In this test case, we are asking LLVM compiler and Souper to tell us if 0+0 is non-zero? Again, this is not from current version of LLVM, but from an older version but we forward ported the bug from older version to LLVM-8.0.

Dataflow information

In this case,compiler tells us the result is true, which means LLVM says that 0+0 is non-zero. Souper, instead, gives the result false. Thus, more precise result from LLVM compiler indicated a soundness bug in LLVM because 0+0 is always zero. This was fixed later on.

The rest of the output starting with ; are comments and Function: foo is a candidate harvested by Souper. This is not giving us any relevant information, so you can ignore these parts.

Section 4: Experiment Customization

You can easily customize test inputs written in the Souper IR, and try different dataflow facts options to compute the precise dataflow facts using our algorithms implemented in Souper.

Test Inputs

If you are interested in taking a look at more test inputs, you can refer to the Souper test suite to find files with name *known*.opt, power*.opt, sign*.opt, range*.opt, demanded*.opt here.

Different Options

The list of options that you can use to compute precise dataflow facts using our SMT solver-based algorithms, and from LLVM compiler are as shown in the Table below.

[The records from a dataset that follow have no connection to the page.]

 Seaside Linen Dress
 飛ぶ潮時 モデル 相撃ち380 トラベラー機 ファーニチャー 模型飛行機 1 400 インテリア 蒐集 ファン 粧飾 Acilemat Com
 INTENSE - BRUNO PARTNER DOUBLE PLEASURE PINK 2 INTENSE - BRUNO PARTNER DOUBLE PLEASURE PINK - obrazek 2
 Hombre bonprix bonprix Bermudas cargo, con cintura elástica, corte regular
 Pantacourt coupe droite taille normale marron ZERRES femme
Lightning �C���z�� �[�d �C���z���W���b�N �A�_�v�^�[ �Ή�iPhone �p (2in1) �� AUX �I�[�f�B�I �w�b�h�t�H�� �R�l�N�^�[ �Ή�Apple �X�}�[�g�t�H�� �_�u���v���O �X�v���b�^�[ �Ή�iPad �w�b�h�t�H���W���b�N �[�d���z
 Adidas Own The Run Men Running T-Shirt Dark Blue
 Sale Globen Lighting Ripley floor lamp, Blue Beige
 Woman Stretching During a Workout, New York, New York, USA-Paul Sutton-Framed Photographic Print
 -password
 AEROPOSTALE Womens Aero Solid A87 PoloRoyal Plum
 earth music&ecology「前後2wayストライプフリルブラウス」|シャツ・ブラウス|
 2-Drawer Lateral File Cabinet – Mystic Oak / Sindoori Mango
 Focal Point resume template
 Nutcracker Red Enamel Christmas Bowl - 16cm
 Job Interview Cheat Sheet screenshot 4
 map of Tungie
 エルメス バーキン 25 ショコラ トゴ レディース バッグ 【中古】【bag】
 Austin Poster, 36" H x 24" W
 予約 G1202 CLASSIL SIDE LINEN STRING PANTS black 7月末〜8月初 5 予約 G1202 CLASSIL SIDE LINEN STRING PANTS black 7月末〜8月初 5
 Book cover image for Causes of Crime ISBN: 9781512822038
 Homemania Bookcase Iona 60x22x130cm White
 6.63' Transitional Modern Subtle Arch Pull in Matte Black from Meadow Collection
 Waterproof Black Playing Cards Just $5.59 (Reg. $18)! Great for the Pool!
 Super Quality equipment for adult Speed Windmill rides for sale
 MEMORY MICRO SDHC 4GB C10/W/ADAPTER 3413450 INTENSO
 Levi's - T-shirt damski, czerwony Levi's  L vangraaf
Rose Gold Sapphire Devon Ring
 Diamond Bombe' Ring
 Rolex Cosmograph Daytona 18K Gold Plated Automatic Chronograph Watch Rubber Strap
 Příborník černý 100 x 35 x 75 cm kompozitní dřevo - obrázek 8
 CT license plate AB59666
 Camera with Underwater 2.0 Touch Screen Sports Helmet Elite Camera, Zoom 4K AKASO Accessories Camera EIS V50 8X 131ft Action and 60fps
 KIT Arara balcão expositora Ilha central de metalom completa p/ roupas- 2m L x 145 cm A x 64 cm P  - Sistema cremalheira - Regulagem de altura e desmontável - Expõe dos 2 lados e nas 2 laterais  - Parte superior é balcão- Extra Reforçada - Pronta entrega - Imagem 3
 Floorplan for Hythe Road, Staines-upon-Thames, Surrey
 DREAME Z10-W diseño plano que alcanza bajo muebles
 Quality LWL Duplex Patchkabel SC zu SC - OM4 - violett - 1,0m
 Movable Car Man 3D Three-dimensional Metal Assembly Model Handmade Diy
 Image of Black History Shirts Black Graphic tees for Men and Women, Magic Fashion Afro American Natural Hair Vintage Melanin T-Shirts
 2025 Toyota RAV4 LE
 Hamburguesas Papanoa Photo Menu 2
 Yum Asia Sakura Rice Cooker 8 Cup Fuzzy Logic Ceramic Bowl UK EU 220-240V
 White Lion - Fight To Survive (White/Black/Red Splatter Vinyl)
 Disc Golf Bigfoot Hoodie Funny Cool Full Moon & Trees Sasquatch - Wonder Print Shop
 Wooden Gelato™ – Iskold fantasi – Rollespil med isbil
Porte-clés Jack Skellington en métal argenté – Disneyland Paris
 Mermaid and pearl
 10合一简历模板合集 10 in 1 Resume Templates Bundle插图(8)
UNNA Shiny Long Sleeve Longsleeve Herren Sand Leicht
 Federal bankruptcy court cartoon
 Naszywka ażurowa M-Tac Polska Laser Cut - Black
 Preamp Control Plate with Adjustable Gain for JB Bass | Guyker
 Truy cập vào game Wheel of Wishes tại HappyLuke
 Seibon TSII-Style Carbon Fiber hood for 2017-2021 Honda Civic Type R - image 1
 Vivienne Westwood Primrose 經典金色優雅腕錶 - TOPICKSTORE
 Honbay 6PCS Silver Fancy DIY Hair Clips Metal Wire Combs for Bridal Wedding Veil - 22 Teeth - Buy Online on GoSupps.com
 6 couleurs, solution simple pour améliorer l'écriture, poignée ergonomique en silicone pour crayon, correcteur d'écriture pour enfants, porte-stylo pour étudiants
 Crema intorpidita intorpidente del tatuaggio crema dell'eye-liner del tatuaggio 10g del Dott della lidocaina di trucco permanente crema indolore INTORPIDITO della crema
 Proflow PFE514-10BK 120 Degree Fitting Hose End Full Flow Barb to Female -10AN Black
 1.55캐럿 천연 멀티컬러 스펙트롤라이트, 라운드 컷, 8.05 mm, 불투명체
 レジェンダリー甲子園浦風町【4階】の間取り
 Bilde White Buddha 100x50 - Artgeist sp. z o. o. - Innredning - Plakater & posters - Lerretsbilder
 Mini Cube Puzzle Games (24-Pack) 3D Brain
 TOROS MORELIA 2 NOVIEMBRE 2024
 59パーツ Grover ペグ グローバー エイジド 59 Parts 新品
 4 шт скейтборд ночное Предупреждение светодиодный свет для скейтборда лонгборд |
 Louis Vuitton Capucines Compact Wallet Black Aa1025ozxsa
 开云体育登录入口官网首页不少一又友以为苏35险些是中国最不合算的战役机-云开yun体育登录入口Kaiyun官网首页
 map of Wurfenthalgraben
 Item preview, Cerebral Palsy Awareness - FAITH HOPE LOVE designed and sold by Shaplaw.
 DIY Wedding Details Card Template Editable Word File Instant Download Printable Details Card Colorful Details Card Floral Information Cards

Dataflow Analysis Options for DFA computed by Souper Options for DFA computed by LLVM
Known bits -infer-known-bits -print-known-at-return
Sign bits -infer-sign-bits -print-sign-bits-at-return
Negative -infer-neg -print-neg-at-return
Non-negative -infer-non-neg -print-nonneg-at-return
Non-zero -infer-non-zero -print-non-zero-at-return
Power of two -infer-power-two -print-power-two-at-return
Integer Range -infer-range -souper-range-max-precise -souper-range-max-tries=300 -print-range-at-return
Demanded bits -infer-demanded-bits -print-demanded-bits-from-harvester

Workflow

  • To compute maximally precise dataflow facts using our algorithms, you should first write a test input in Souper IR, and then run it with souper-check with specific argument along with Z3 solver path specified.

    Input (Souper IR) -> souper-check -> Dataflow result

    Sample command line

    (docker) $ export SOUPER_SOLVER="-z3-path=/usr/src/artifact-cgo/precision/souper/third_party/z3-install/bin/z3"
    (docker) $ souper-check -infer-known-bits $SOUPER_SOLVER inputFile.opt
    

    In the above command, path to souper-check utility is from precision setup in Docker at /usr/src/artifact-cgo/precision/souper-build/.

  • To compute dataflow facts from LLVM compiler, you should first write a test input in Souper IR, and then run it with souper with specific argument from the Table shown above.

    Input (Souper IR) -> souper2llvm-precision-test -> LLVM IR (.ll file) -> llvm-as -> LLVM bitcode (.bc file) -> souper -> Dataflow result from compiler

    Sample command line

    (docker) $ souper2llvm-precision-test inputFile.opt | llvm-as | souper -print-known-at-return
    

    In the above command, path to souper2llvm-precision-test and souper utility is from precision setup in Docker at /usr/src/artifact-cgo/precision/souper-build/. llvm-as in Docker is at /usr/src/artifact-cgo/precision/souper/third_party/llvm/Release/bin.

    For demanded bits computation only from LLVM compiler, use souper2llvm-db to translate a given Souper IR to LLVM IR.

  • To build your own programs using a clang compiler with our maximally precise data flow algorithms, you can point the CC and CXX environment variable to /usr/src/artifact-cgo/performance/llvm-build/bin/clang and /usr/src/artifact-cgo/performance/llvm-build/bin/clang++.